Supplied data
┌──
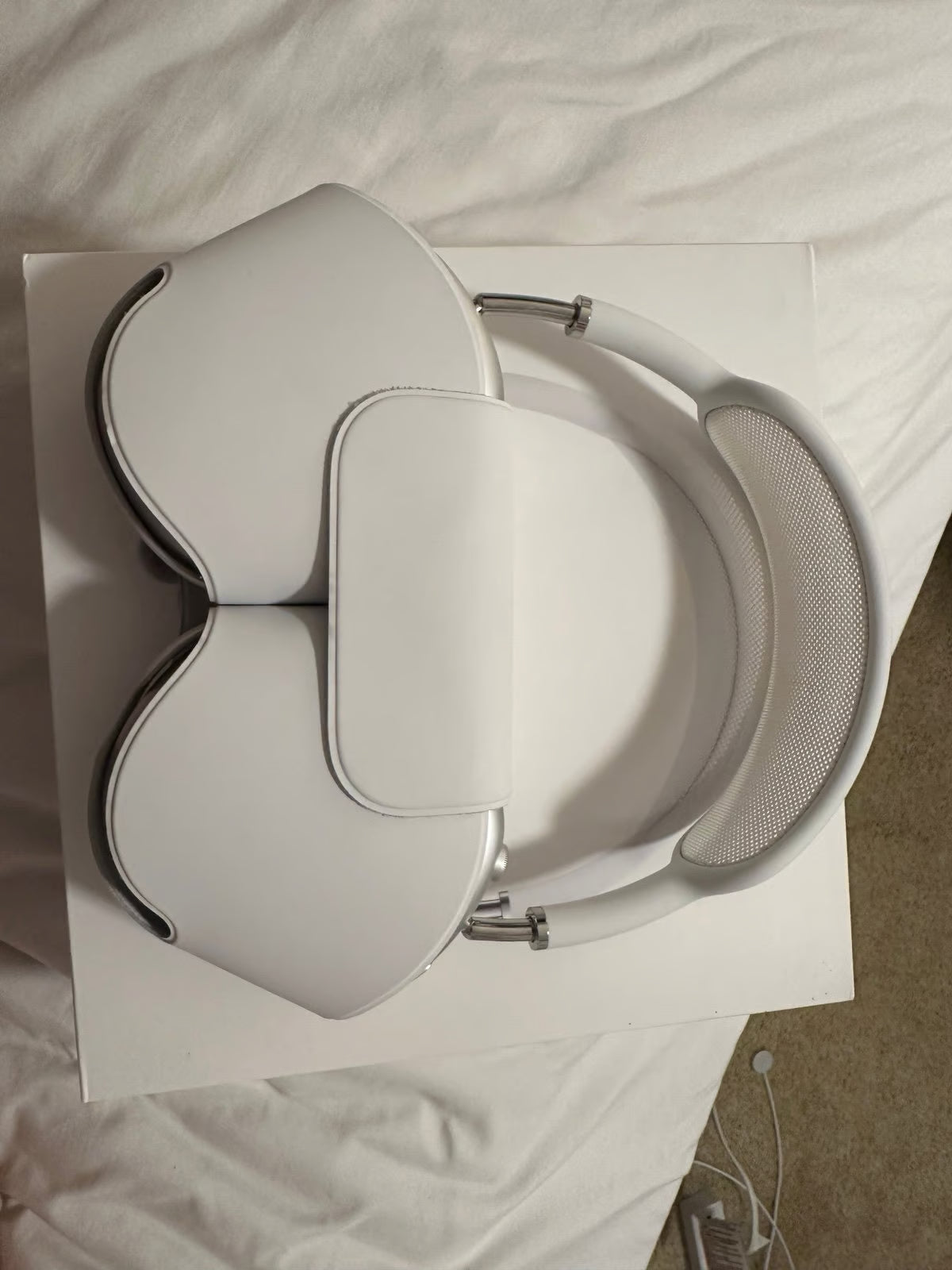 Apple AirPods Max in Silver 2A52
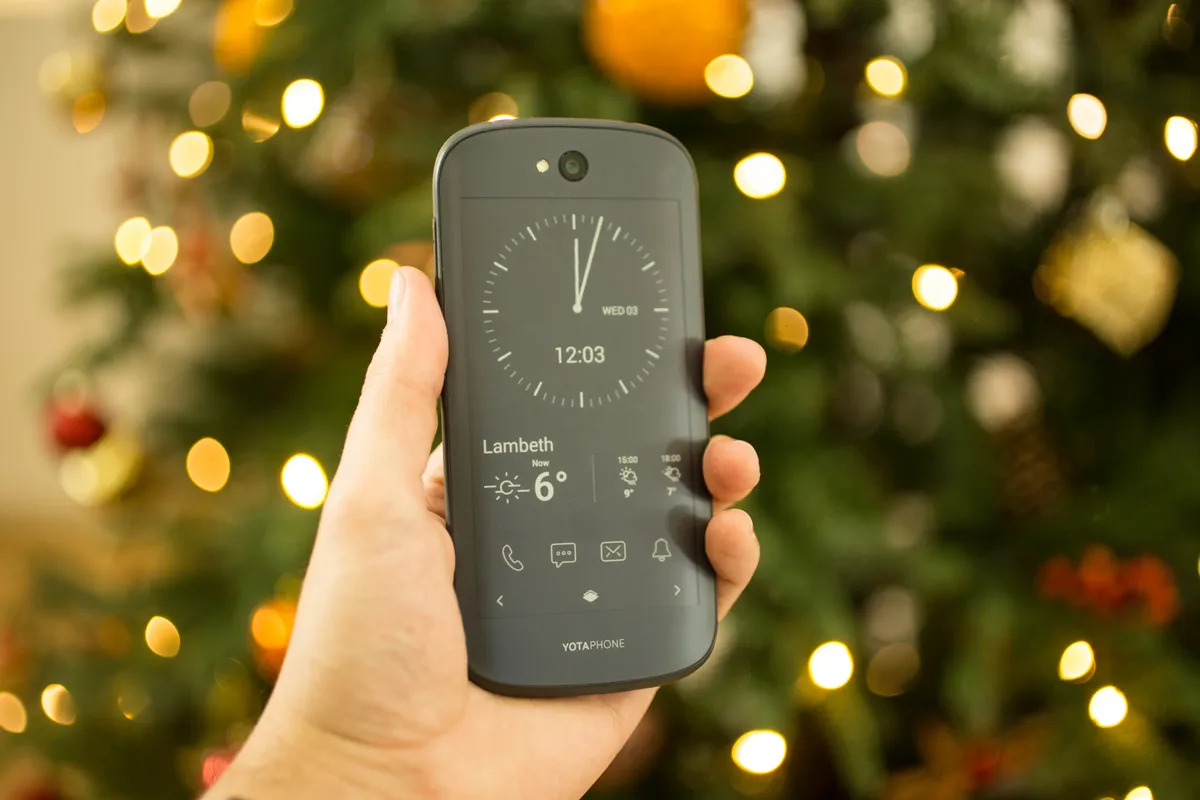 dual-screened-yotaphone-2-available-in-the-u-s-on-indiegogo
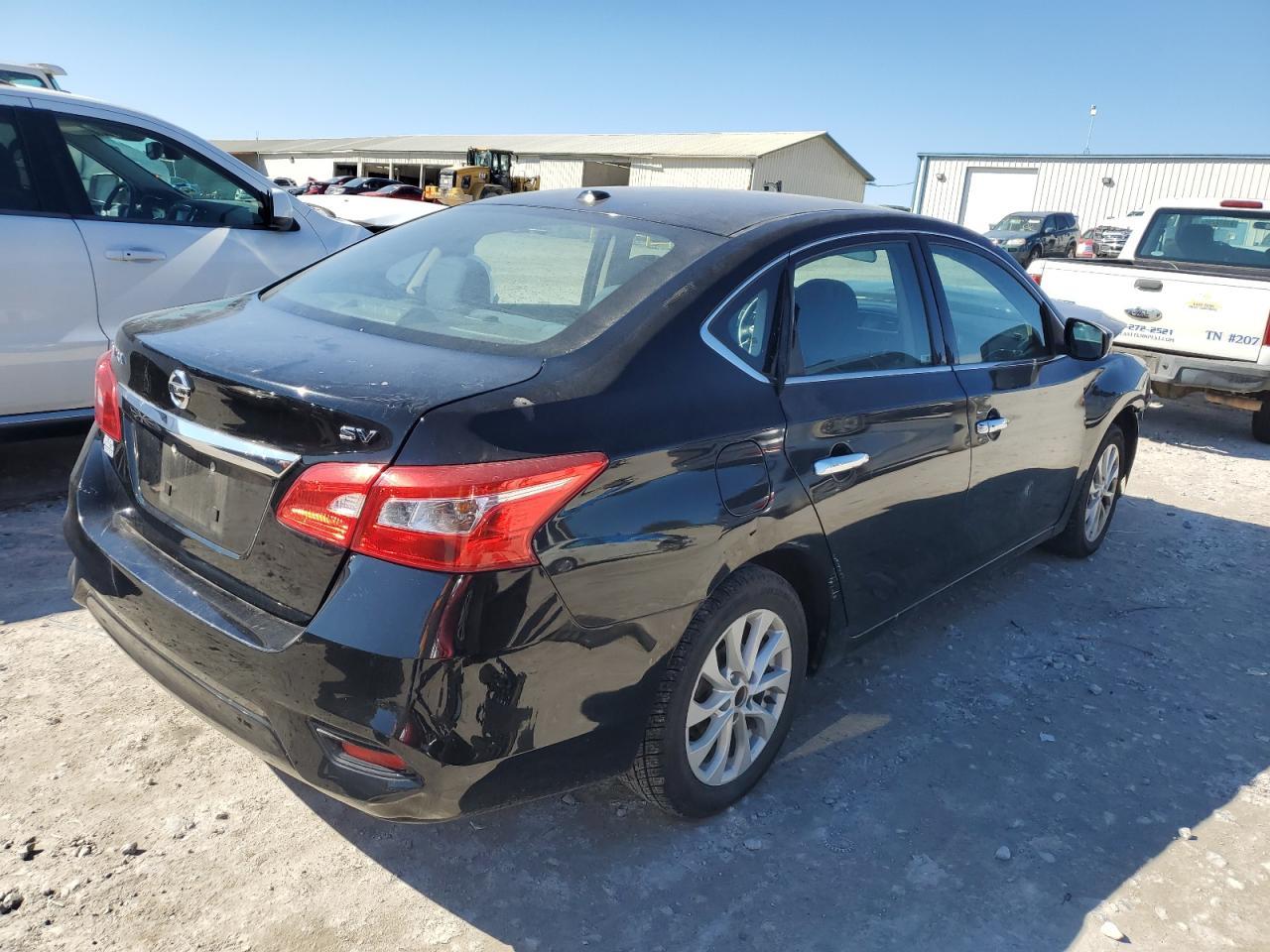 2019 Nissan Sentra S - Фото 3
└──
Your goal
Everything in the preceding material must be transcribed exactly, except the images.

Result
 Apple AirPods Max in Silver 2A52
 dual-screened-yotaphone-2-available-in-the-u-s-on-indiegogo
 2019 Nissan Sentra S - Фото 3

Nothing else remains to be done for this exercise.